Noel Clarke must be one of the busiest men currently working in British cinema. If his time isn’t taken up working on his own projects, he’s appearing in blockbusters or hit television shows. His actor-turned-film-maker story is inspiring and his ambition is admirable. In his third feature in the director’s chair, he steps out of his grimy comfort zone for sci-fi action thriller ‘The Anomaly’. As well as directing and co-producing, Clarke stars as Ryan, an ex-soldier who becomes subject to a bizarre scientific experiment. After waking up in the back of a van, he finds that he is only consciously himself for approximately ten minutes before his body is taken over and he loses control. He then awakens again, having missed out whole chunks of time and finding himself in an array of different scenarios. If this all sounds a little confusing, that’s because it is.

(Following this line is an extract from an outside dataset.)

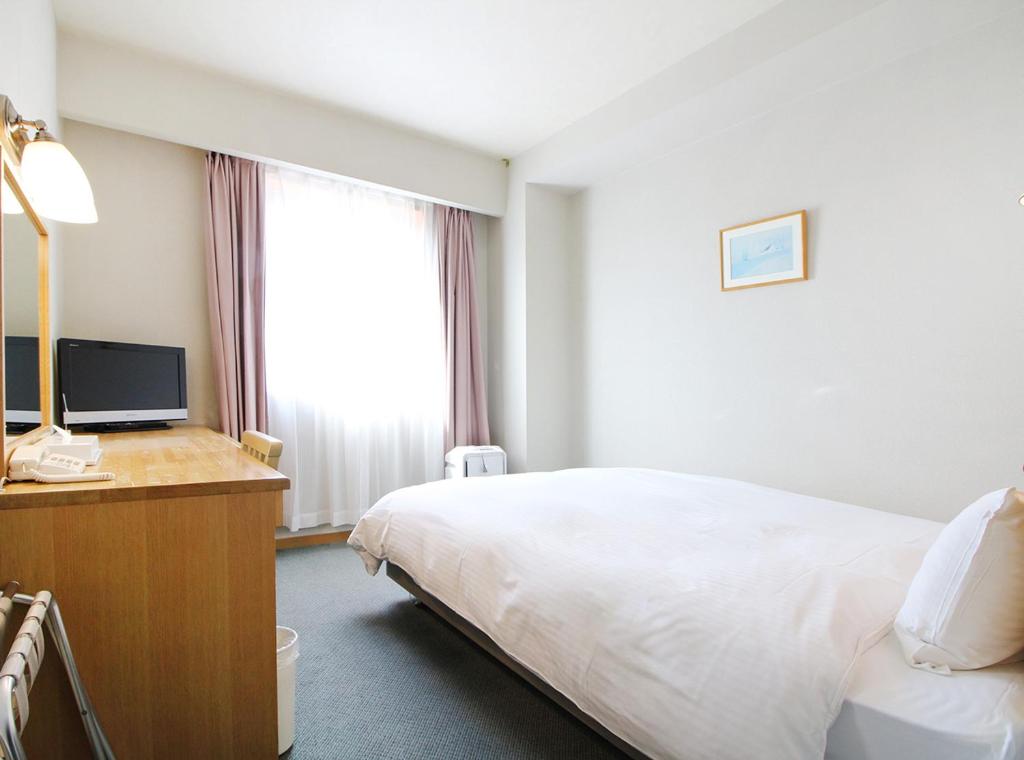 Postel nebo postele na pokoji v ubytování Island Hotel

The story is initially set in the futuristic cities of London and New York full of flying advertising and shiny things but without the budget and production skills of finer ultramodern adventures, the future has never looked so dated. In between the time hops are clunky fight sequences involving Russian gangsters and the like, where Ryan, against the odds, punches and kicks himself out of bother. These scenes are shot at a distracting pace, sped up and then slowed right down for the big hits, like the finishing moves in nineties videogame Tekken. It’s like watching The Raid on hallucinogens. A romantic subplot slides in where he befriends a hooker who quickly develops deft gunmanship and athleticism. Both having suffered a raw loss in their lives, they form an alliance to overturn the criminal exercise cooked up by a father and son partnership who seemingly want to take control of everyone in the world, but for no apparent reason.

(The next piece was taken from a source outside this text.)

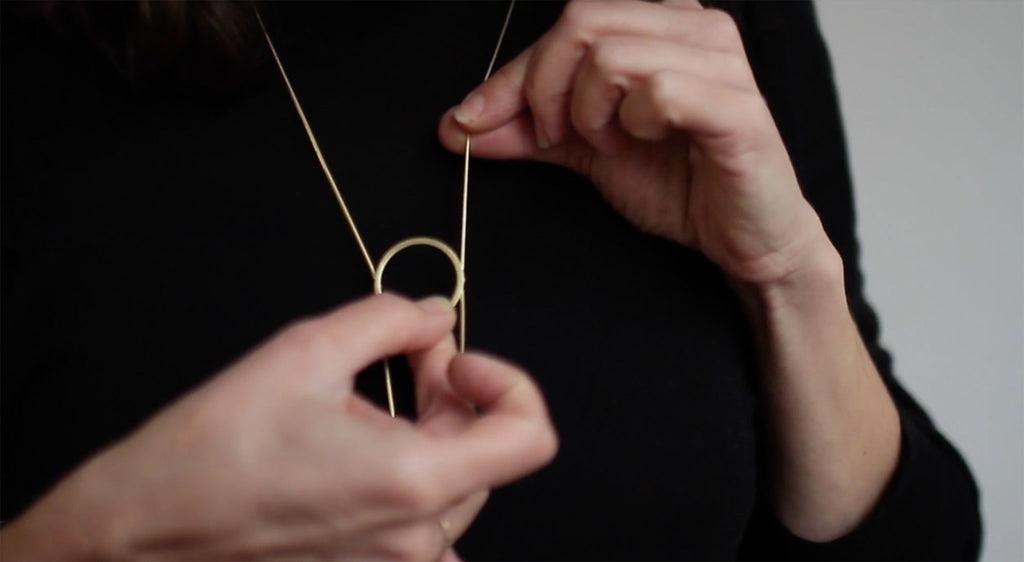 Flowring necklace adjustment demonstration. Upclose of two hands adjusting the necklace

Throughout the repetitive structure, Noel Clarke’s acting performance is frustratingly one-dimensional. He perfects a look of bemusement every time he wakes up somewhere different, despite the fact that it has happened time and time again. Before long, he figures out the ploy against him, involving Brian Cox, the father of the father and son villainous duo, wired up in a glass bubble and attempts to outsmart his foes. The son, played by Ian Somerhalder, is effective as a smarmy know-it-all in a suit, acting tough but ultimately wanting to please his father. He crops up in the various situations, serving as the stereotypical baddie.

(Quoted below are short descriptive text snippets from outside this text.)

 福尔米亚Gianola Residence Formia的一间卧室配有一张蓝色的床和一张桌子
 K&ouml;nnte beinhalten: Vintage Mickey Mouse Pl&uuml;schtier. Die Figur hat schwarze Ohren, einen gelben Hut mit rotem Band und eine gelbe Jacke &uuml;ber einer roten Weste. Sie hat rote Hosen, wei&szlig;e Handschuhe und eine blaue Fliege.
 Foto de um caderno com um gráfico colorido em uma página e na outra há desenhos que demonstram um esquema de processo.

Overstretching it in terms of the complicated plotting, ‘The Anomaly’ struggles to achieve the same authenticity that the director’s previous features have had. The dialogue is very clichéd and lacks punch, perhaps because Clarke himself was not on writing duties this time around. To see a change in focus from expectations is refreshing, if flawed, and results in little more than forgettable popcorn fodder. Hopefully a return to his excellent urban crime background will right this wrong.